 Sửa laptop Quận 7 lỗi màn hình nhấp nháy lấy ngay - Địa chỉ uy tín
□ □ □ □
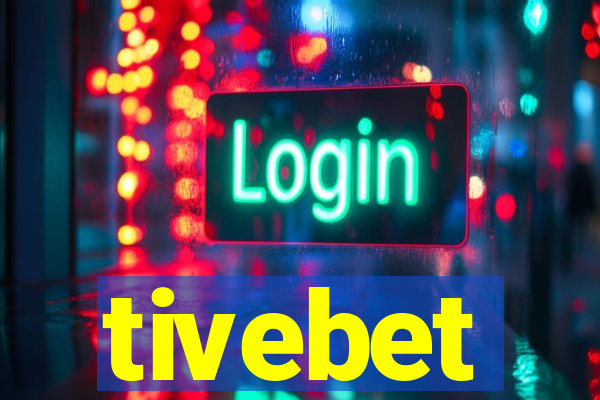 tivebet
□ □ □ □
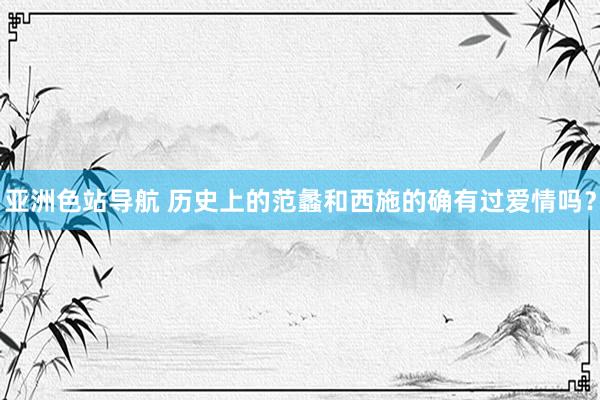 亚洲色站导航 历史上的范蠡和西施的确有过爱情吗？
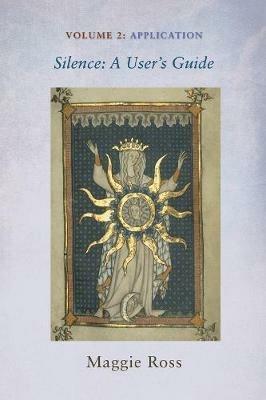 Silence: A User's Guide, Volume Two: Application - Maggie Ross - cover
□ □ □ □
What to do: In the data above, start at the line holding "亚洲色站导航 历史上的范蠡和西施的确有过爱情吗？" and stop after the line holding "Silence: A User's"; write out those lines exactly, without pictures.

Task solution:
 亚洲色站导航 历史上的范蠡和西施的确有过爱情吗？
 Silence: A User's Guide, Volume Two: Application - Maggie Ross - cover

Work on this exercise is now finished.